Dealing with a variable income is one of the biggest challenges of working independently. Your payments may arrive occasionally with long droughts in between. So you will need a budget structure to help you plan confidently. Some of us in Money Talks News use and recommend it YNAB (Need a budget) for planning and spending.
- Calculate the minimum monthly income you can expect and base your budget on that.
- Identify all costs and make them as predictable as possible.
- Avoid spending any excess income. Instead, keep it as a safeguard against empty times and surprises.
- Adjust your monthly income as your earnings grow.
4. Calm nerves
Self-employment is great for all the reasons you suspect: flexibility, freedom from office politics, less travel to work, and more job satisfaction are just a few. But the uncertainty never stops.
Before you leave a good job, check your well-being and make sure you can accept the uncertainty.
5. Backups for your backups
Redundant systems are key for self-employed workers. Don’t allow yourself to miss a customer deadline due to a computer error. Have a reliable second computer to back up.
It’s not necessarily a brand new cutting-edge system, but something that’s good enough to reliably get you online and back to work.
Also, back up your work to your computer constantly and automatically. Furthermore safe copying both to a cloud storage system (such as Backblaze) and to an external drive will provide peace of mind. This sounds like an exaggeration until you turn to one of your backups and find that it doesn’t work as expected.
6. A little computer knowledge
Nothing encourages you to appreciate your last employer’s IT department as if you are in a stream without technical support.
It doesn’t hurt to be a computer genius, but it doesn’t have to be. When your device or software stops working, take a deep breath, think, check your connections, and find solutions over the Internet.
7. Health insurance
If you are moving away from a health insurance plan paid for by the company, find out in detail what your insurance will replace after you extend your COBRA insurance coverage.
Learn in advance how much your premiums cost, how much they could grow, and how you will pay for uncovered medical expenses.
8. A tax advisor who understands independent living
You will need a tax advisor with experience working with self-employed workers. Even if you’re happy with your tax, consider professional help for the first year to understand the requirements, get a real start with bookkeeping, and have help weighing whether to get involved.
One thing you will miss is your old employer’s contributions to your Social Security and Medicare taxes. Now that you are both an employer and an employee, you have to pay everything. According to the tax service, the total self – employment tax rate is 15.3%. Here is the breakdown:
- The social security tax (for old-age, disability and family insurance) is 12.4%.
- Your Medicare contribution (hospital insurance) is 2.9%.
Now you also need to submit quarterly tax payments and master the rules for assessing what it should be like.
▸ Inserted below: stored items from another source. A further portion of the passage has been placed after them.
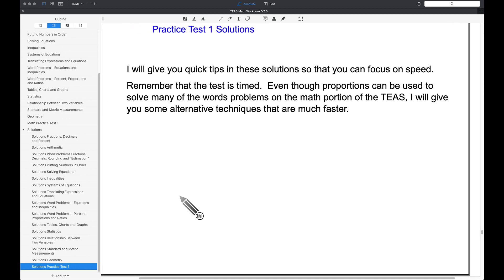Something I want you to note is in this practice test, I'm going to give you some faster tips on answering a bunch of these questions. For example, proportions can be used quite often on the math portion of the TEAS, but I'm going to give you some alternative techniques that can speed things up for you and ultimately allow you to take this test faster because it is timed.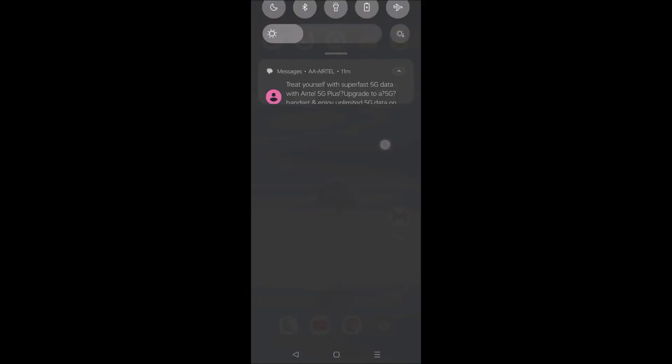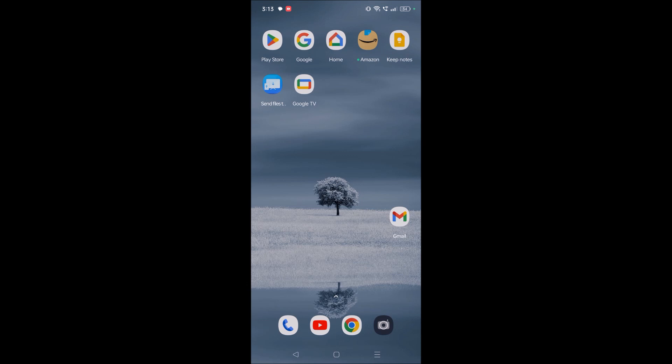Hello, good afternoon to you all. Today I receive a lot of comments asking how we can check the views for a particular YouTube Shorts video. For regular YouTube videos, we can check the total number of views just below the video, but what about Shorts?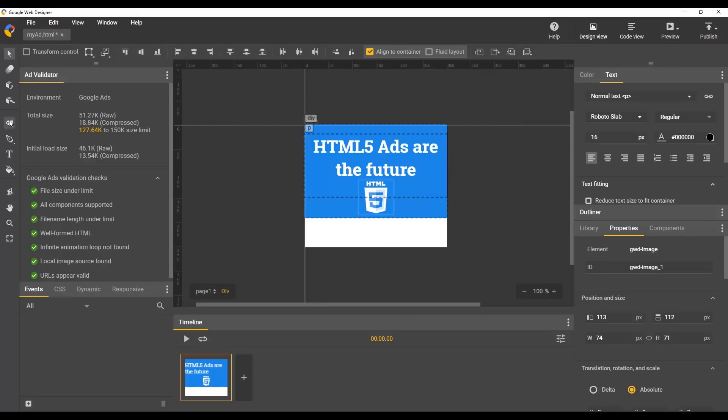Now let's add our call to action button. Let's make a new div for our button, but let's add some rounded corners. Adjust the border radius to your liking and draw out a button area.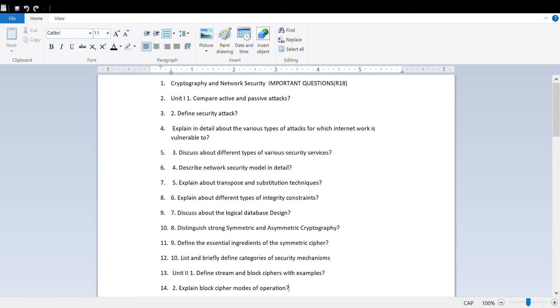For Unit 1, go through security attacks, password and IQ attacks, network security model, logical database designs, and integrated security mechanisms. Also cover different types of integrity constraints.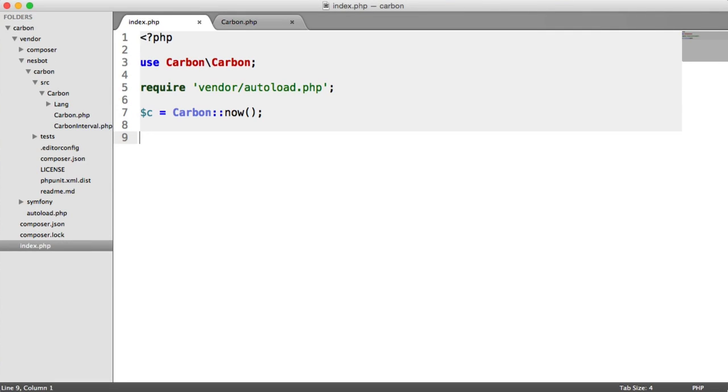So we're now going to look at some of the getters that are available to us within Carbon. And by getters, I mean basically being able to get certain parts of our current date in a way that we want.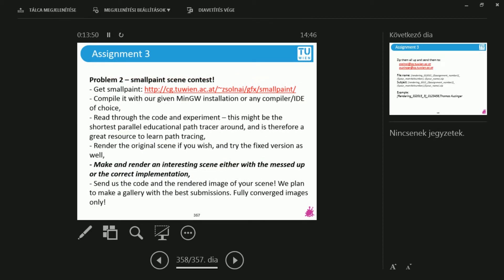Second part. This is the even more fun part. There's going to be a scene contest. So we have this Monte Carlo path tracer program implemented in 250 lines. Read through the code, try to understand what's going on, but we are going to talk through this anyway. Just render an interesting scene.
An accountant also helps here.
9. Entertainment plan
Many self-employed workers become exhausted because they neglect everything but work. Don’t fall for the topic. The more tired you are, the more you turn the wheels.
Work discipline includes preparing and keeping a plan for moving away from the table, socializing, and exercising regularly.
10. Child protection
Even with older children, you’ll want to provide childcare if you have to pull all night to meet a deadline, or fly out of town unexpectedly.
At the very least, arrange with a neighborhood teenager or day care provider to cover you for a few hours a day or during important phone appointments.
Also, make backups if your regular child care provider has their own crisis.